New laws mean new ways to buy wine in Pennsylvania

Sean Caviston, a certified wine expert at the Nittany Lion Inn, said Pennsylvania’s new wine laws will provide an “enhanced experience” for guests.
Sean Caviston, a certified wine expert at the Nittany Lion Inn, said Pennsylvania’s new wine laws will provide an “enhanced experience” for guests. Centre Daily Times, file

With more than 570 wineries nationwide now licensed to ship directly to consumers in Pennsylvania, the state’s new wine laws are off to a good start.

“The reason it’s good is because a number of wines are only available through wine clubs,” said Bob Richards, a Penn State professor and certified sommelier, or wine expert. The new laws will “be used by wine aficionados who couldn’t join wine clubs before … and enable them to join wine clubs around the country, and that is a big step forward.”

The new laws, known as Act 39 of 2016, went into effect on Aug. 8. The major change is that consumers and businesses now can get up to 36 cases of wine per year shipped directly to their homes and stores from each registered out-of-state winery.

According to Elizabeth Brassell, a Pennsylvania Liquor Control Board spokeswoman, 572 wineries have gotten a direct wine shipper license as of Oct. 11, with another 85 waiting to receive them. Just from California, 417 wineries have gotten licenses, with 73 of those businesses located in Napa Valley.

“I don’t see many wineries not taking advantage of that. Why would you not have the ability to ship to a new market?” said Sean Caviston, the Nittany Lion Inn’s restaurant operations manager and a certified sommelier.

“I’m looking forward to seeing who is going to jump on getting their license and making the wine available to us, because certainly there are some gems that I want on my list, and I believe that our consumers would appreciate that very much.”

Wineries must apply for a license from the PLCB to ship into the state and must pay a yearly $250 fee. Out-of-state retail stores are not included in this part of the law.

The state will not add the 18 percent Johnstown flood tax to direct wine shipments. Consumers only have to pay Pennsylvania’s standard sales tax and a new $2.50-per-gallon excise tax, translating to 43 cents per bottle.

The Johnstown flood tax, originally a 10 percent temporary tax on alcoholic beverages in Pennsylvania, was created in 1936 to raise money for reconstructing Johnstown after the flood, which caused millions of dollars in damage. In six years, the tax raised sufficient funds for repairs but it was not repealed and instead was raised twice. It has been at 18 percent since 1968; the money goes into the state’s operating budget.

Act 39 also allows private stores, such as grocery stores and restaurants, to sell up to four bottles of wine in a single transaction.

“Here at the restaurant … we are probably going to research further and pursue the ability to sell wine retail,” Caviston said. “We think that that would be an enhanced experience for our guests.”

“I think it’s more of a convenience and a moment of hospitality for our guests to remember they had a nice dining experience, they had enjoyed a bottle and maybe they will swing by and say … ‘I’ll pick up a bottle for a special occasion,’ ” he said. “I don’t see us doing vast amounts of volume in to-go wine.”

“That’s probably the biggest impact to us is wanting to pursue a license to sell wine to go,” he said.

Both Caviston and Richards noted that private stores will not be able to offer better prices on wines. The state retains pricing control. Under Act 39, 10 percent will be added to the wholesale price and the 18 percent Johnstown Flood Tax will also be added.

“We still can’t discount it below PLCB store’s prices, so it’s not like you can turn around and undercut the store and sell a lot,” Caviston said.

Wine is not the only type of alcohol to benefit from Act 39. Wineries, breweries and distilleries in Pennsylvania now are able to serve one another’s products, but only for on-site consumption.
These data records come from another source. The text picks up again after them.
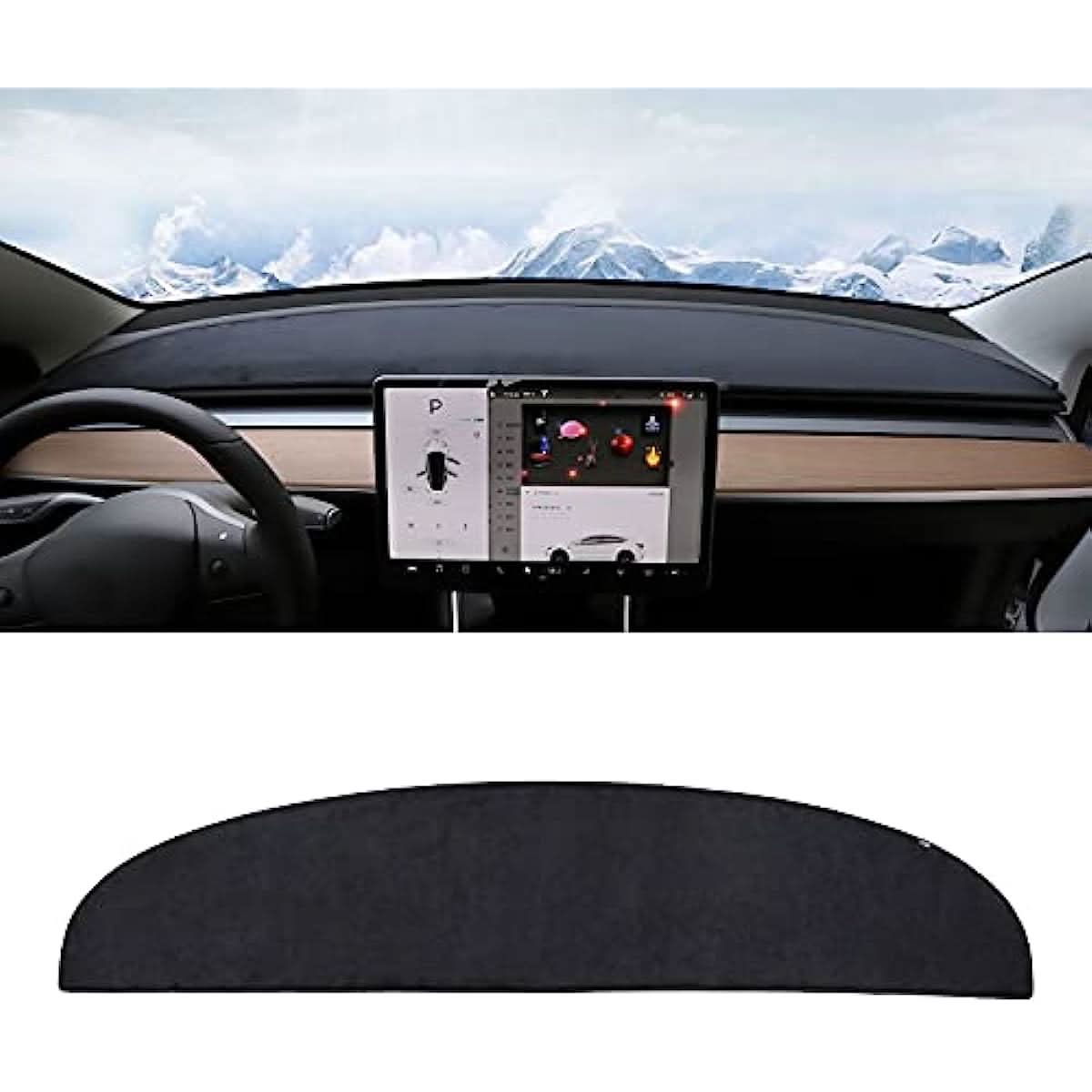Dashboard Blackout Mat for Model 3/Y Anti-Glare Flannel Dash Cover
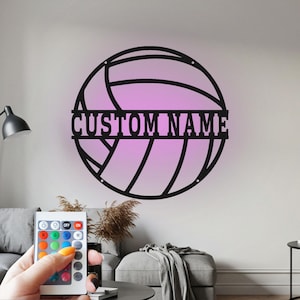 Custom Volleyball Metal Wall Art with LED Light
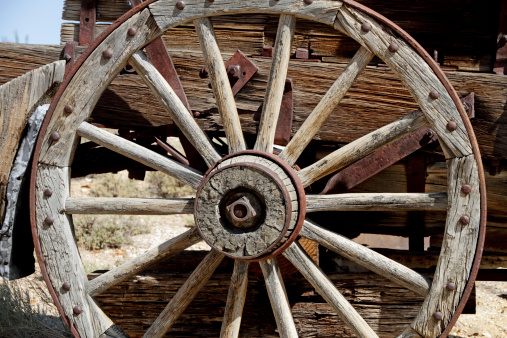 Old horse carriage in a ghost town ranch in New Mexico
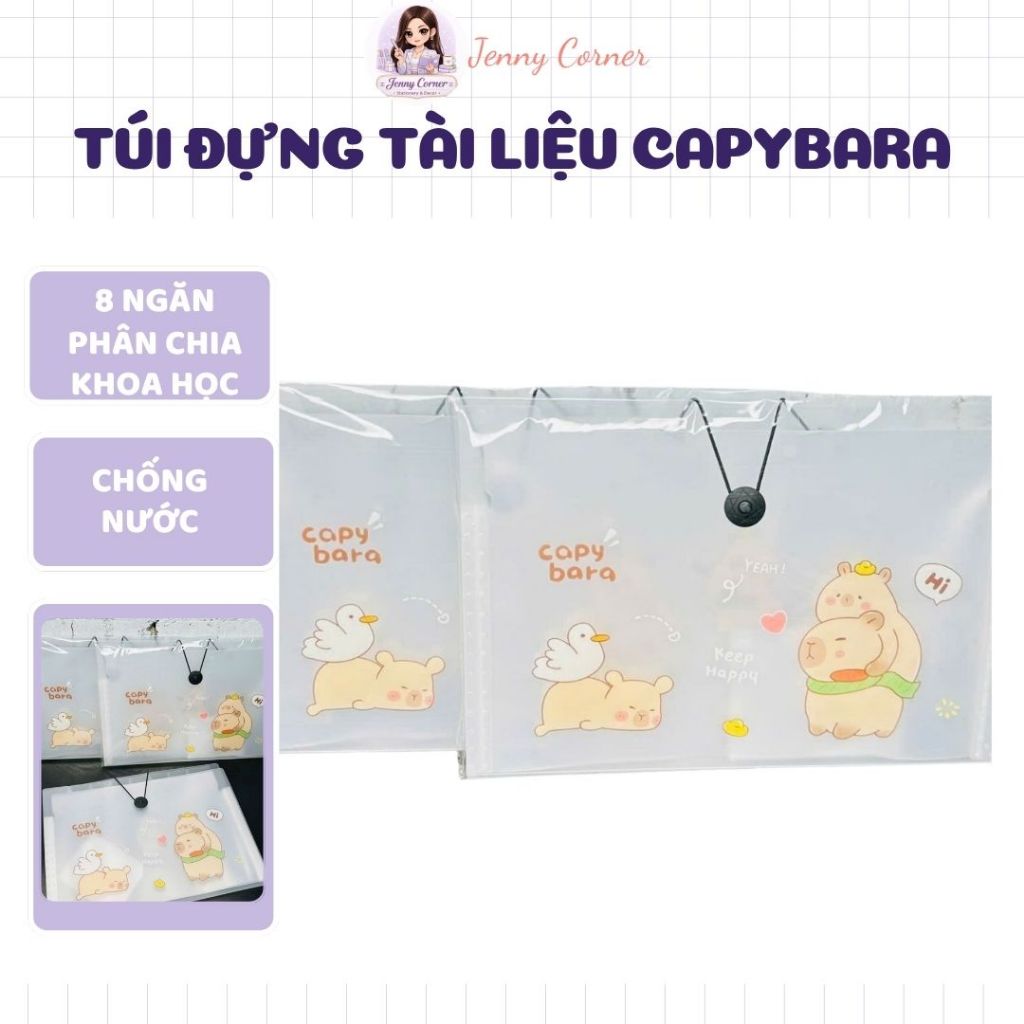 Túi Đựng Tài Liệu 8 Ngăn Tệp Bì Đựng Tài Liệu Nhiều Ngăn Khổ A4 Capybara Đáng Yêu Cho Học Sinh-Jenny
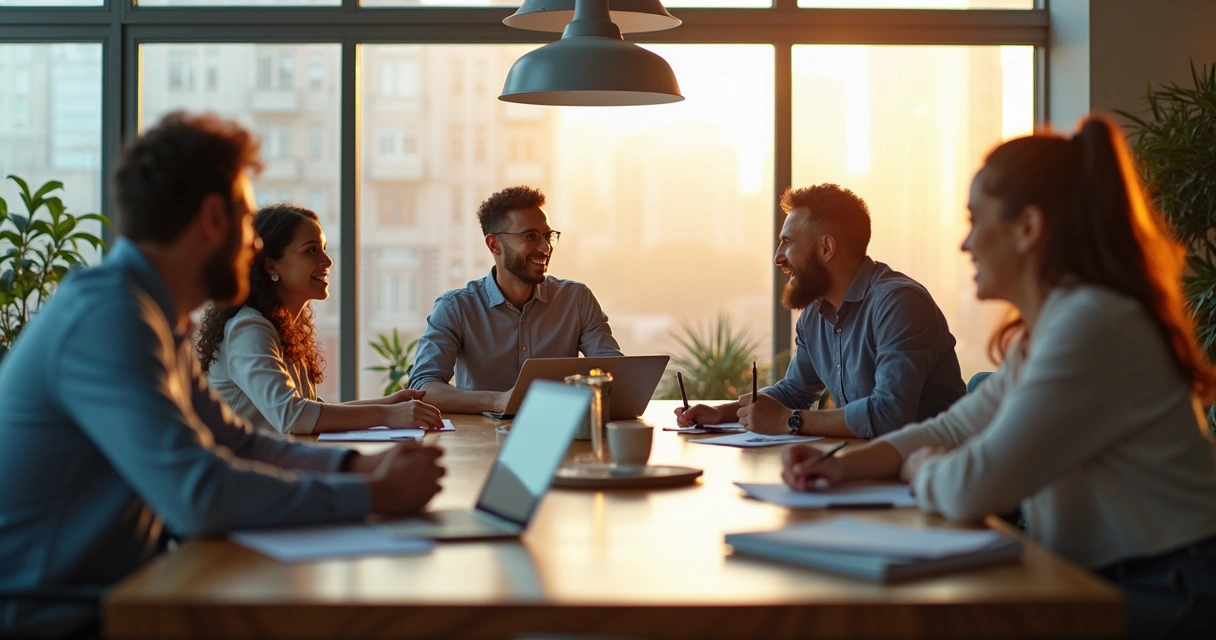 Equipe de trabalho colaborando em um escritório iluminado 
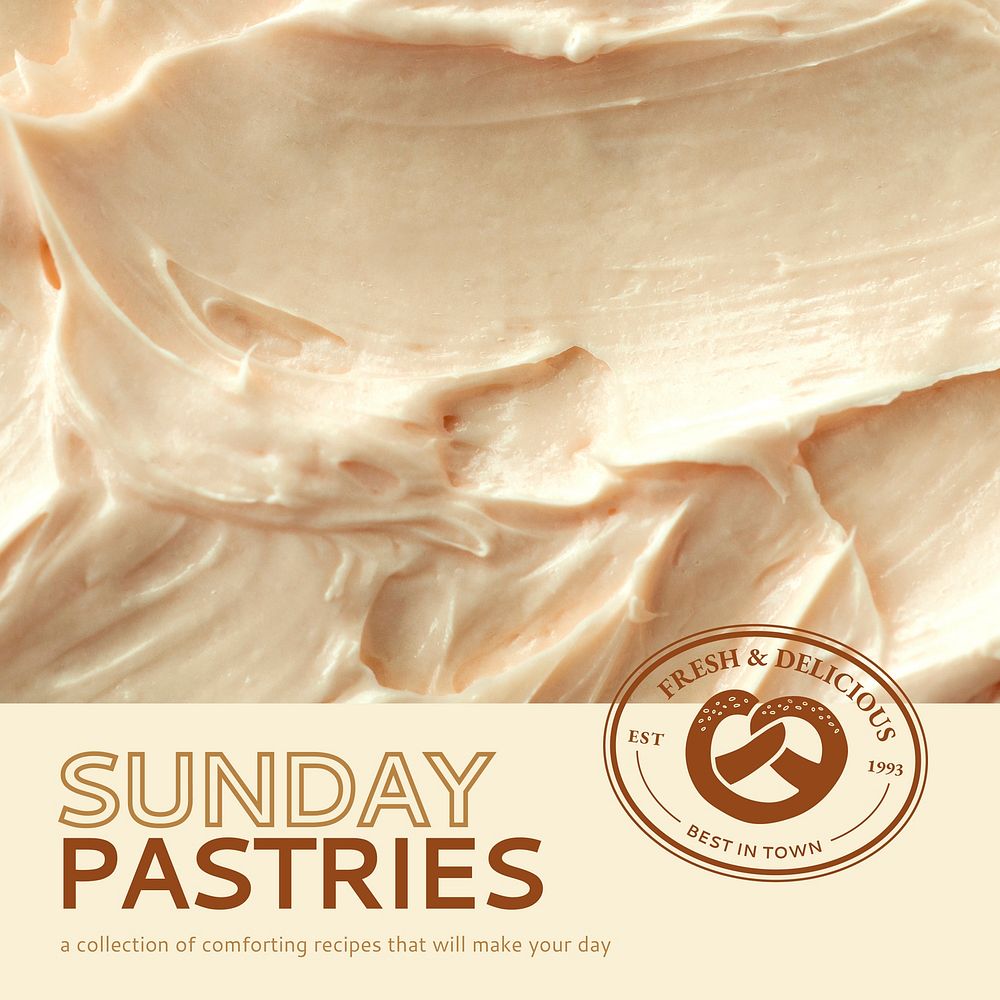 Pastries template vector with cream frosting texture for social media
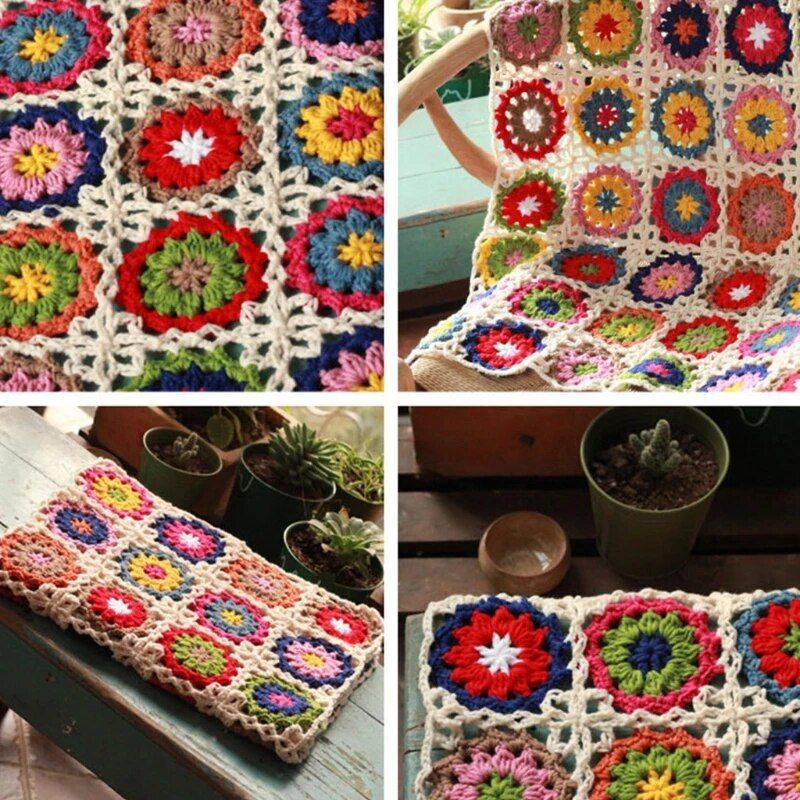 Boho Vintage Handmade Crochet Sofa Throw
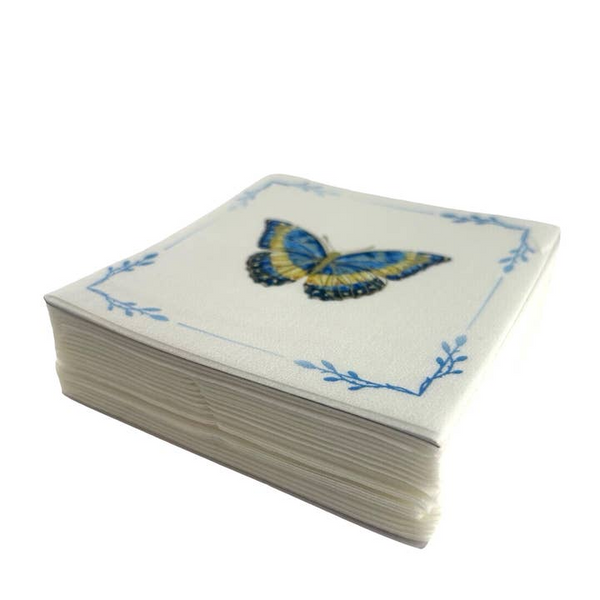Linen-Feel Cocktail Napkins, Blue Butterfly Image 2 Carats Mcallen, TX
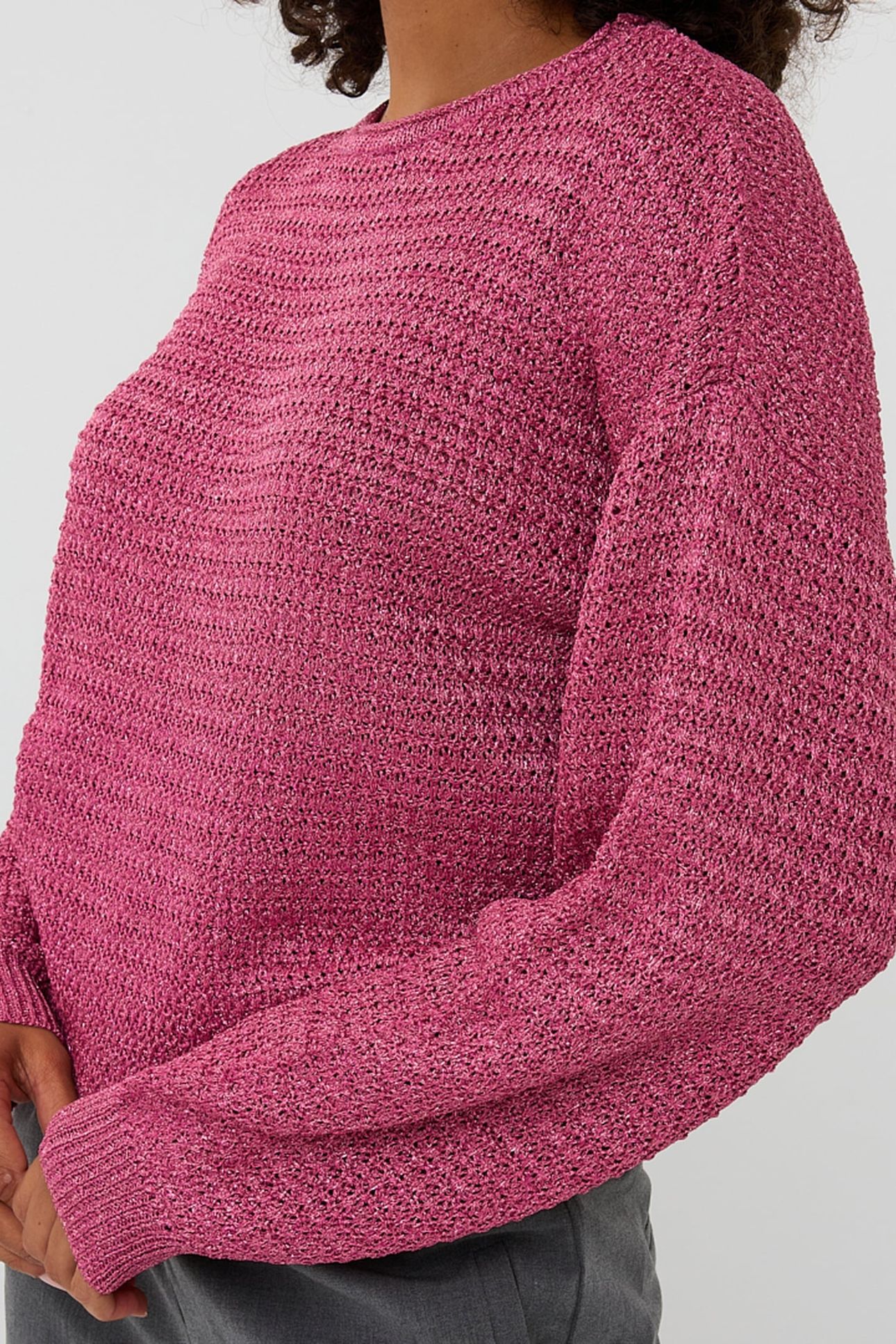 SWEATER OVERSIZED LUREX FRAMBOISE 7
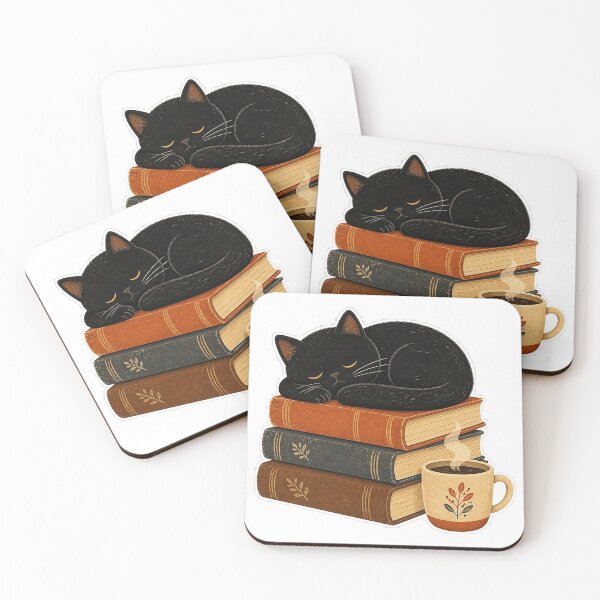Item preview, Sleepy Black Cat on a Stack of Old Books designed and sold by LearnFunStore.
“So if you wanted to run over to Happy Valley Winery, you could only get Happy Valley Winery wine,” Caviston said. “Now they have the option to offer brewery products from the state, so that, to me, is a good advantage.”

The PLCB, an independent government agency that regulates the alcohol industry within the state, was set up in 1933 after Prohibition was repealed.

As for total privatization of the alcohol trade in Pennsylvania, Richards thinks it is still probably a long way off. “It’s hard to change a culture that has been stuck for so long,” he said.

Renato Buanafina is a Penn State journalism student.